++++ GIVEN MATERIAL ++++

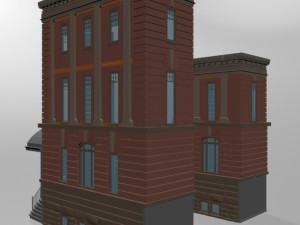 modular buildings 01 3D 模型
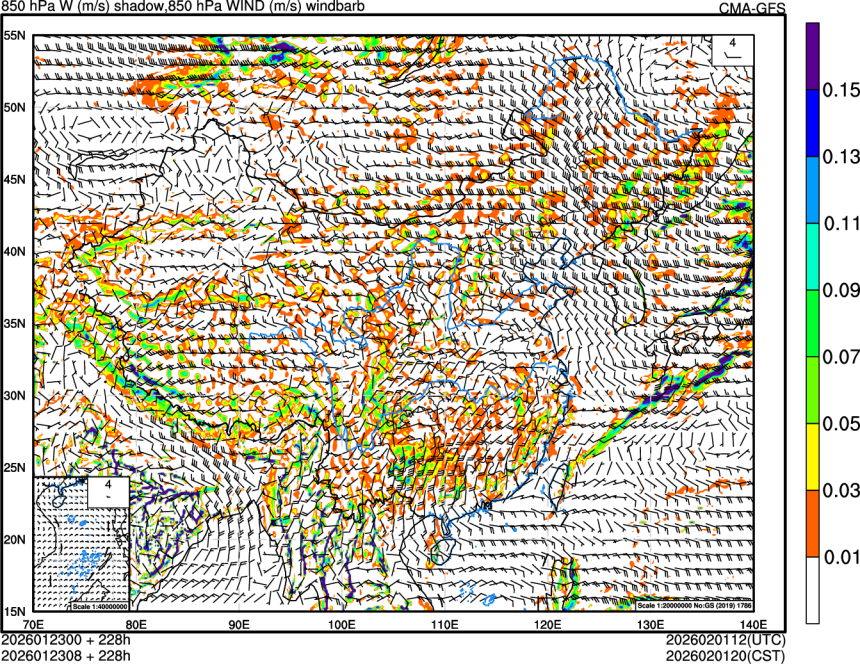 01/23 00时 +228小时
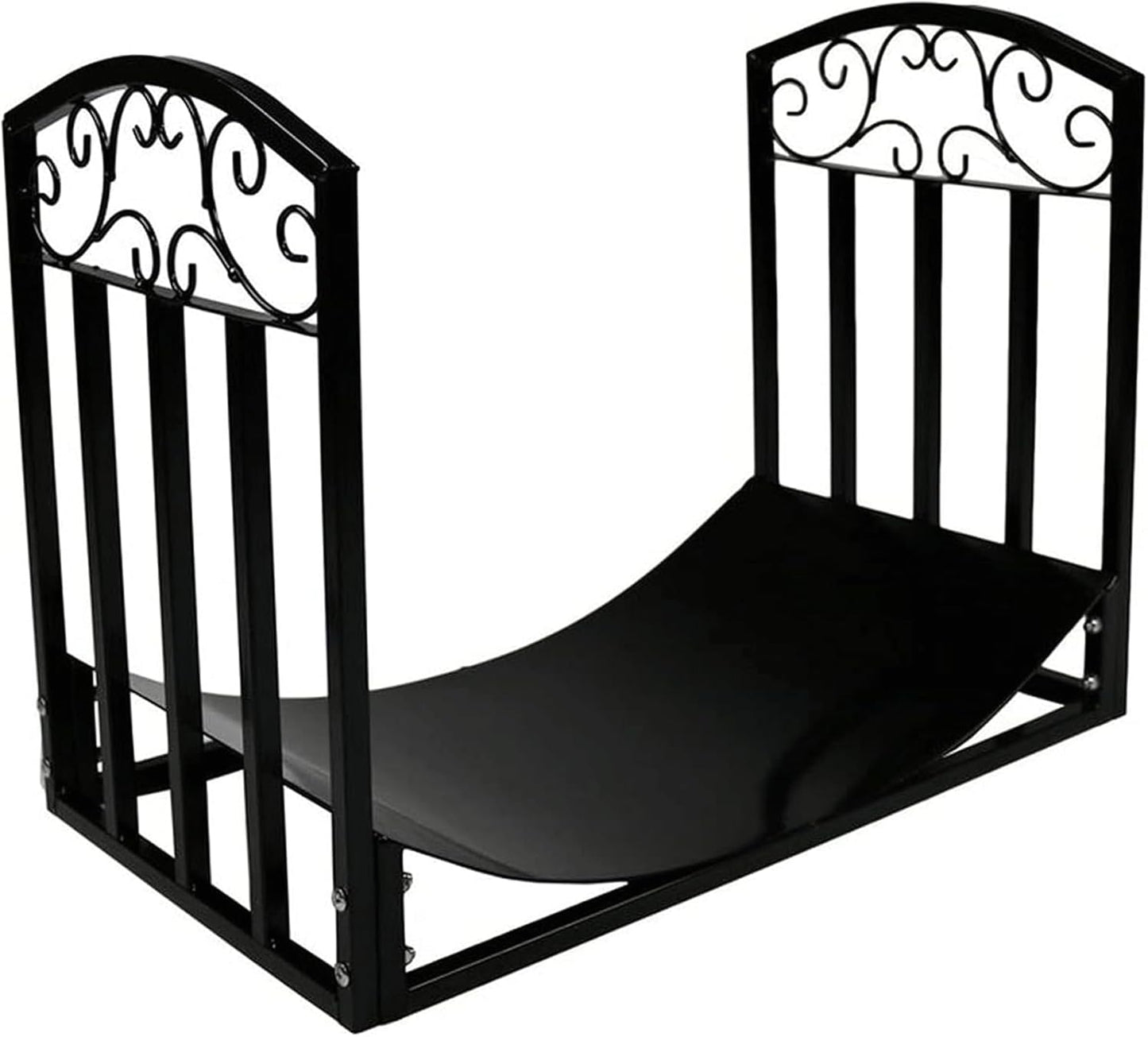 Firewood Storage Rack, Outdoor Indoor Heavy Duty Wood Organizer, Storage Firewood Storage Rack for Wood Storage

++++

__TASK__: Repeat the material above word for word and skip every image in it.

__OUTPUT BELOW__:
 modular buildings 01 3D 模型
 01/23 00时 +228小时
 Firewood Storage Rack, Outdoor Indoor Heavy Duty Wood Organizer, Storage Firewood Storage Rack for Wood Storage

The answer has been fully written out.